The British authorities will allocate three airplanes to be sent to thirty airports in order to face this unprecedented situation without imposing any additional costs on passengers. All other bookings were canceled without the authorities or company presenting any clarifications about the future of Monarch.
Andrew Haines, CEO of the CAA, said that this has absolutely been a tough decision on customers and employees but talks are ongoing with officials in the aviation sector to recruit the employees in Monarch as soon as possible.
“Monarch has really been a victim of a price war in the Mediterranean,” Transport Secretary Chris Grayling said.
KPMG has been appointed for administering the company that has a total of 2,100 employees given that it is an airline and travel company.

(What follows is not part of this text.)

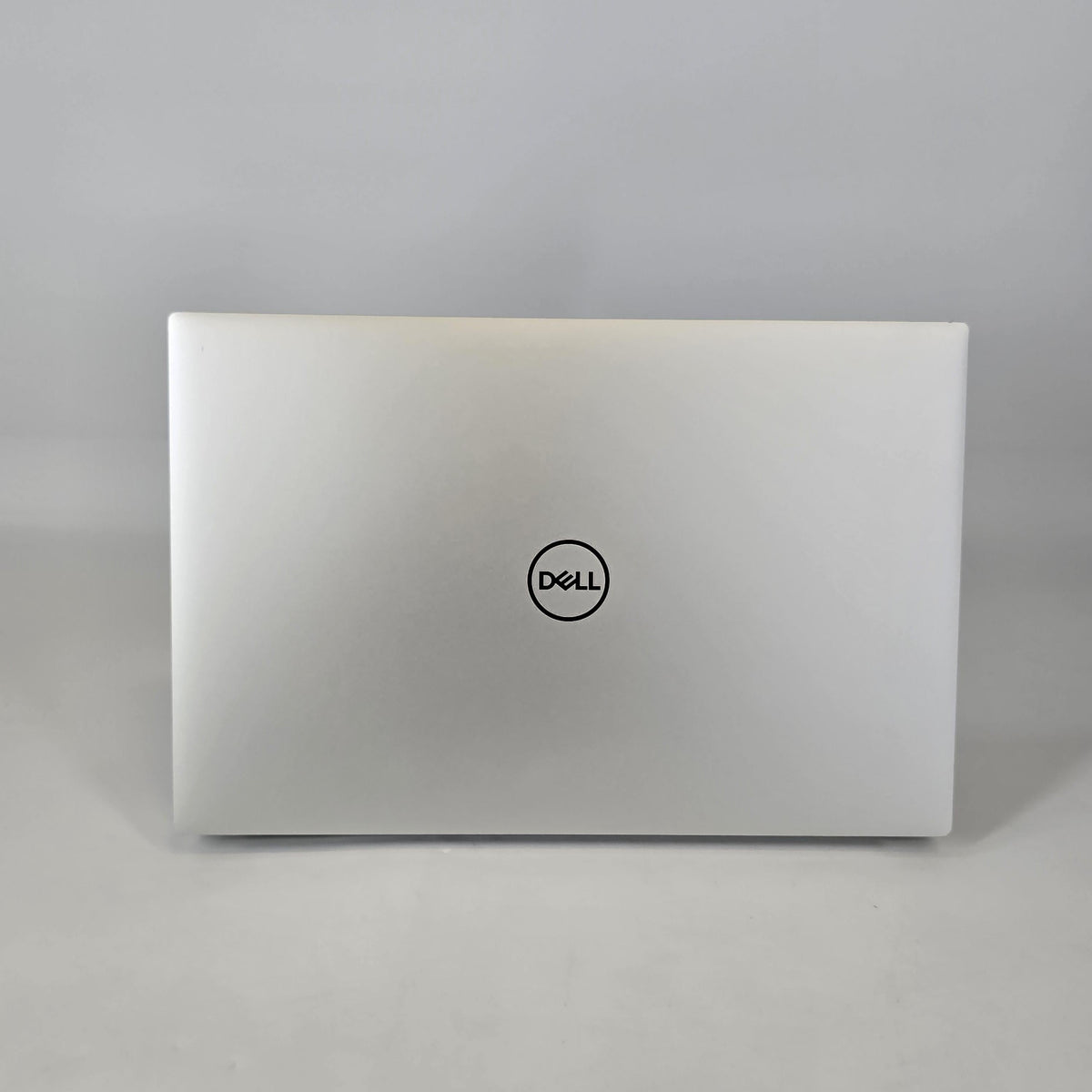 XPS 15 9510 Silver 2.3 GHz Intel Core i7 11th Gen. 16GB RAM 512GB Solid State Drive NVIDIA GeForce RTX 3050 Ti 4 GB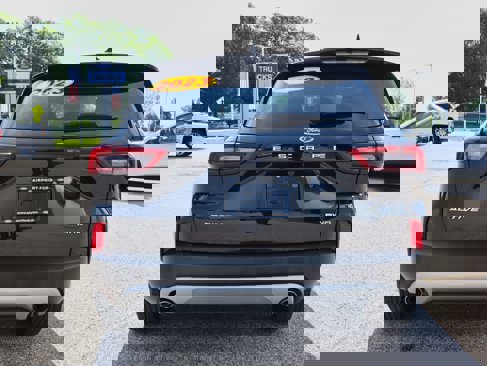 Used 2023 Ford Escape Active image 4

Monarch, established in 1968, witnesses huge turnout from British people wishing to spend their vacation in warm and sunny destinations, but it is facing challenges due to the severe competition.
UK's Civil Aviation Authority (CAA) posted on Twitter and on Monarch websites that starting from Oct. 2 all flights were canceled and are no more valid in an unprecedented situation in which there are more than 110,000 passengers abroad.
The British government asked CAA to coordinate for the sake of bringing back Monarch customers to the country. New flights will be provided for them without any additional costs.